Available data section start

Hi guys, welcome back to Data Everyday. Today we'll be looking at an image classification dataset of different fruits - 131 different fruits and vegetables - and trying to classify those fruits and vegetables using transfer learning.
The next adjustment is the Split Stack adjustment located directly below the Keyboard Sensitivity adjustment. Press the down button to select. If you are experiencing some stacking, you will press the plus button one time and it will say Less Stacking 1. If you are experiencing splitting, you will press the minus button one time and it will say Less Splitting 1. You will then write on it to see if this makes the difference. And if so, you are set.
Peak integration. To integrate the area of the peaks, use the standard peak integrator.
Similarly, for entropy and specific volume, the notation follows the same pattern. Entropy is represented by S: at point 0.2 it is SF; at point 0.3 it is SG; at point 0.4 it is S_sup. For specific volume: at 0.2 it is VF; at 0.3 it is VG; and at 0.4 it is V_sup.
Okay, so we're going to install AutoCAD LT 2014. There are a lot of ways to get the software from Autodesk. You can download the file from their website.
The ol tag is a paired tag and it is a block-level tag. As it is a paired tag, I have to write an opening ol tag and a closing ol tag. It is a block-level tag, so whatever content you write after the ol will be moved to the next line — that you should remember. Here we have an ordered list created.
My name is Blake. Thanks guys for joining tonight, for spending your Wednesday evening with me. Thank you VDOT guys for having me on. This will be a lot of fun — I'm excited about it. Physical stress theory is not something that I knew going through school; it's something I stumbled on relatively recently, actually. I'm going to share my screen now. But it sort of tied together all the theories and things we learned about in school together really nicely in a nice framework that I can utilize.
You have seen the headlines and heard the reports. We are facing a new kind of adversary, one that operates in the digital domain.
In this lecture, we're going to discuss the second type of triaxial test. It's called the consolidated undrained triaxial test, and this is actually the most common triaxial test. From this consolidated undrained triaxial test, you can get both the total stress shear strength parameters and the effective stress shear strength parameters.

Available data section end

Exercise requirements: The lines to output run from the one containing "You have seen" to the last line of the entries; give them back exactly.

Task solution:
You have seen the headlines and heard the reports. We are facing a new kind of adversary, one that operates in the digital domain.
In this lecture, we're going to discuss the second type of triaxial test. It's called the consolidated undrained triaxial test, and this is actually the most common triaxial test. From this consolidated undrained triaxial test, you can get both the total stress shear strength parameters and the effective stress shear strength parameters.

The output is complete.